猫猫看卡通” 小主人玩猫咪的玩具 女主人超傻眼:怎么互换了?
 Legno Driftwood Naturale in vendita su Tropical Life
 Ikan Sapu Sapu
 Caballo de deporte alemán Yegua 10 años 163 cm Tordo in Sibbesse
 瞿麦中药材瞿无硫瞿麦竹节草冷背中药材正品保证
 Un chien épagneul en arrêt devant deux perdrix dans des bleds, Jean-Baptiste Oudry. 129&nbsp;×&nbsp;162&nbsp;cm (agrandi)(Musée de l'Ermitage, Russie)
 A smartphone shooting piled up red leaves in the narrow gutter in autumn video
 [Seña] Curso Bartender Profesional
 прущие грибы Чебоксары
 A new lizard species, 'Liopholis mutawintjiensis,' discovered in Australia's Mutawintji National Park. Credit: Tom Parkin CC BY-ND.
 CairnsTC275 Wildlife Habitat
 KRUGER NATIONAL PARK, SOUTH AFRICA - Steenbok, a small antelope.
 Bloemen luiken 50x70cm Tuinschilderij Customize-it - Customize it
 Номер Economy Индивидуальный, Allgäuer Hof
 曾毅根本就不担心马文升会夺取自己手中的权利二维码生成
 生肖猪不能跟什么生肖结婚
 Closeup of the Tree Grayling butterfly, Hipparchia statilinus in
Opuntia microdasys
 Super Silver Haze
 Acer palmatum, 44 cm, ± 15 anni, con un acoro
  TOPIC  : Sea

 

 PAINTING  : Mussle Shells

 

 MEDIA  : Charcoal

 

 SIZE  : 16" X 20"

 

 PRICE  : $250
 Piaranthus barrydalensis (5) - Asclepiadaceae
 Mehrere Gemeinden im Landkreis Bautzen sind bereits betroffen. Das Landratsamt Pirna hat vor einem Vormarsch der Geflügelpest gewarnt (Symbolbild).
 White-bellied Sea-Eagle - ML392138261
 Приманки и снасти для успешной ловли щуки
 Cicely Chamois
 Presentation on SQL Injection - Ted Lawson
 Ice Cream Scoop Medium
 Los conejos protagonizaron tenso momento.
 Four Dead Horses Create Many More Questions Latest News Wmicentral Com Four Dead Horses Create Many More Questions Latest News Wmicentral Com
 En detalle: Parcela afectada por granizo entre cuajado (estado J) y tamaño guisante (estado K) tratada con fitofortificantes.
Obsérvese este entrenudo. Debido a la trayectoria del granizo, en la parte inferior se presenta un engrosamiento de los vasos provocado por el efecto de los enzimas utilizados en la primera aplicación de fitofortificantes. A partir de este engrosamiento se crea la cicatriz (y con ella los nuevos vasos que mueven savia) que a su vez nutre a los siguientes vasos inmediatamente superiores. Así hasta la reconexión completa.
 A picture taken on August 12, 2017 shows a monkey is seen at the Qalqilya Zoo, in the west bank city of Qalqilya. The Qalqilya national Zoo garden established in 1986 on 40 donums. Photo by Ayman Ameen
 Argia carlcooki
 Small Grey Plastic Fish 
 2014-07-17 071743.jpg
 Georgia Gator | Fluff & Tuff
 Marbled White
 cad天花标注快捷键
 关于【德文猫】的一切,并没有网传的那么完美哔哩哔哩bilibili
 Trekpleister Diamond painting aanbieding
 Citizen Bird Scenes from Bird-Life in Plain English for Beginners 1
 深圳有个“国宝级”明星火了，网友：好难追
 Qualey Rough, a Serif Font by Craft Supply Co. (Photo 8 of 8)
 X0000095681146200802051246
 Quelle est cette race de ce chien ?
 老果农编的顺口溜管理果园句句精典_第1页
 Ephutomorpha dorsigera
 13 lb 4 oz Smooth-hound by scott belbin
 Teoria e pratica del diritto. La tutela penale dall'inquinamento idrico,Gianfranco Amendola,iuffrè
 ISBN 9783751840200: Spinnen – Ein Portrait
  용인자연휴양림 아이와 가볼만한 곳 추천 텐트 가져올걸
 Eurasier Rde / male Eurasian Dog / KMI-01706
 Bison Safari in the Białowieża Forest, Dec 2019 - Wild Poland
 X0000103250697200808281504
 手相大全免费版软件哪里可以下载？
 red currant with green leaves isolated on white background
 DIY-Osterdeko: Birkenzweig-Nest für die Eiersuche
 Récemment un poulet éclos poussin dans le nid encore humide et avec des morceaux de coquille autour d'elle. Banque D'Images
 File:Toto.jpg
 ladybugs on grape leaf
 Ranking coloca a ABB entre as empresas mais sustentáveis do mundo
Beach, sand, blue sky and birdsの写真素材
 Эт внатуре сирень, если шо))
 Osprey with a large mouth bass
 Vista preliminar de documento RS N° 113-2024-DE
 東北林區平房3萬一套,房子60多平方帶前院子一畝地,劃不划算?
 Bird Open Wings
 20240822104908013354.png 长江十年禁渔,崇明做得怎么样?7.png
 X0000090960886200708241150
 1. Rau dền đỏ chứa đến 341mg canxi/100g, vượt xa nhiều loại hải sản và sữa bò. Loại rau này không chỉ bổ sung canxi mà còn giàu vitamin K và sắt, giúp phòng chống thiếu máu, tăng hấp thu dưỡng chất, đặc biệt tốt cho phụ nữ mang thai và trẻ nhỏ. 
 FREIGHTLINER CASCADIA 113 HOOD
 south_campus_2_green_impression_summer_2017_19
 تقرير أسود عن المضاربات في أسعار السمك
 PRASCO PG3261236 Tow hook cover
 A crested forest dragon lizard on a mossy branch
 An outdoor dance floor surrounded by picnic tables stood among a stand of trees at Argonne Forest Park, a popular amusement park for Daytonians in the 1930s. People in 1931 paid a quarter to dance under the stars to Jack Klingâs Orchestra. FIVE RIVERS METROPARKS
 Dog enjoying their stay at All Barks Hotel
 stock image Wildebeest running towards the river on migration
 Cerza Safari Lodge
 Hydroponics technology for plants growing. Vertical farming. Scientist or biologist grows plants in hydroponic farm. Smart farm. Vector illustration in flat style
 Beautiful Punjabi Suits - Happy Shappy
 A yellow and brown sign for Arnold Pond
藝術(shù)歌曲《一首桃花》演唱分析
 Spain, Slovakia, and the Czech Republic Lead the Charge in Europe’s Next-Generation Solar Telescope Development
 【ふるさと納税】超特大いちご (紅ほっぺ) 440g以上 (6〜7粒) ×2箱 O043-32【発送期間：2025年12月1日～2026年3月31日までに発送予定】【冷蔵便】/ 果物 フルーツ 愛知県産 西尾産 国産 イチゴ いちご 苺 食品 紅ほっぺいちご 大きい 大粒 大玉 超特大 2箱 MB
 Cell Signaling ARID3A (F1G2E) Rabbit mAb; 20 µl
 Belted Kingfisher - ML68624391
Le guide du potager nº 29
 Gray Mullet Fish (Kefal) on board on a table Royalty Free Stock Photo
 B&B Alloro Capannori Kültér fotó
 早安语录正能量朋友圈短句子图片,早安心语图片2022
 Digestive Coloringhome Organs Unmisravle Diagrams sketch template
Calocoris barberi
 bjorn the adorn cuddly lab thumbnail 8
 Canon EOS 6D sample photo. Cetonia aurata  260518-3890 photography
****************************************
**Task to carry out**
Find the string "with" in the data. Report each line it appears in.

**Task result**
 red currant with green leaves isolated on white background
 Osprey with a large mouth bass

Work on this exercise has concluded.